⟨

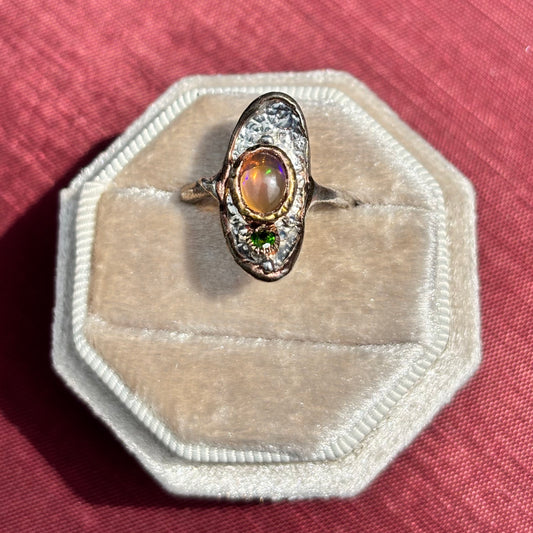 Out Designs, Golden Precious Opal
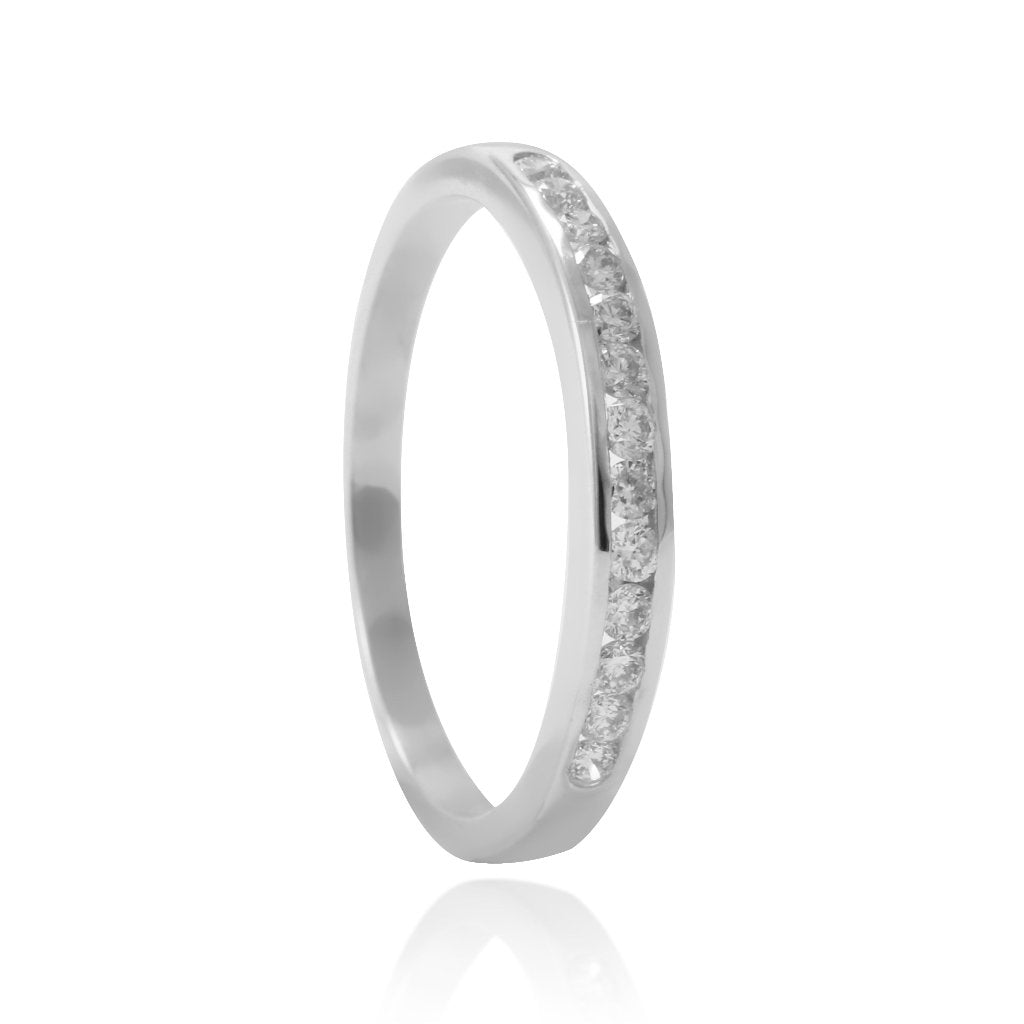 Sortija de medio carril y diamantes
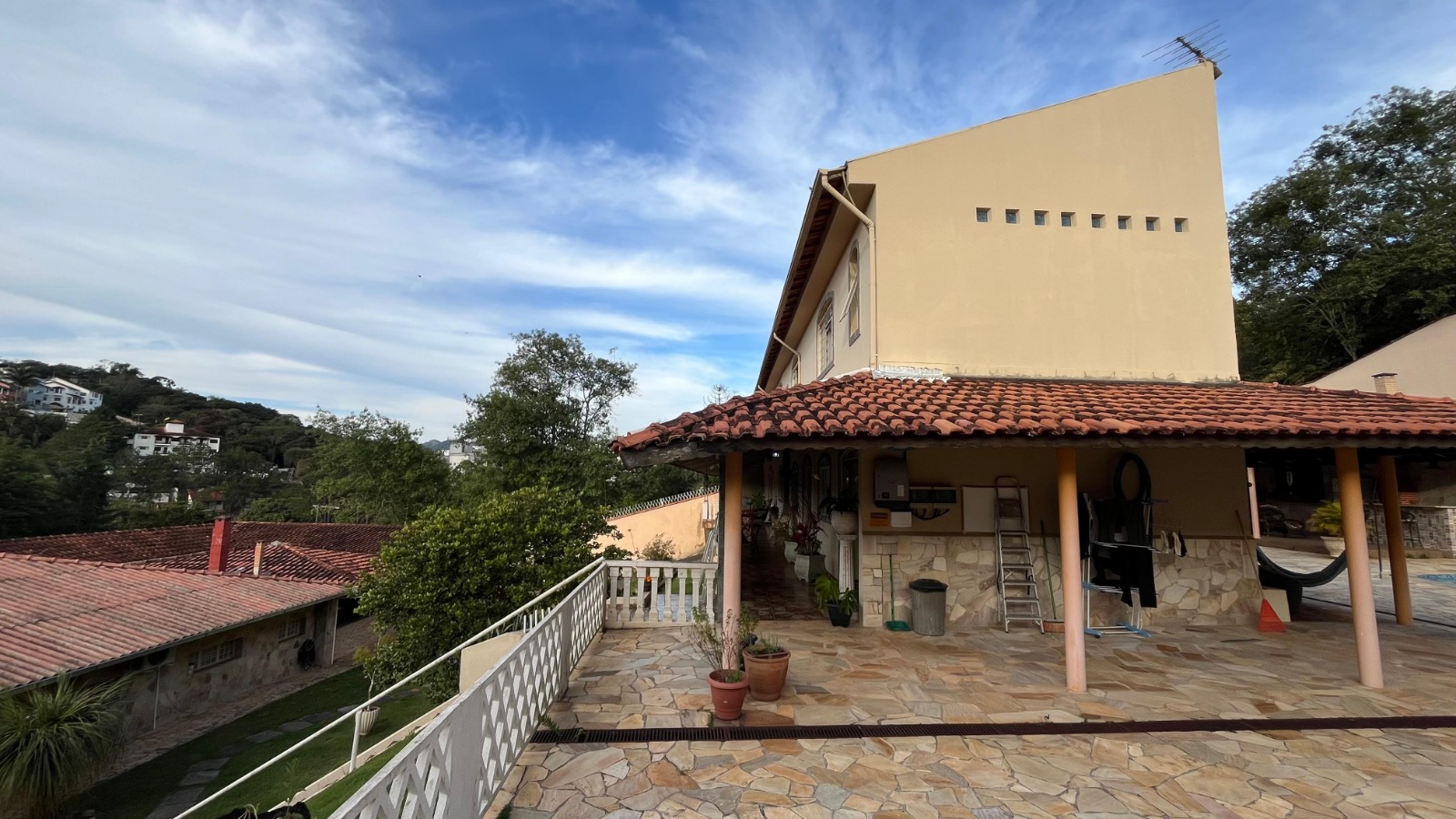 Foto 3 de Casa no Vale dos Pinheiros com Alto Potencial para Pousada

⟩

● Exercise instructions: The answer must repeat every line of the listing exactly and leave the pictures out.

● Answer for this exercise:
 Out Designs, Golden Precious Opal
 Sortija de medio carril y diamantes
 Foto 3 de Casa no Vale dos Pinheiros com Alto Potencial para Pousada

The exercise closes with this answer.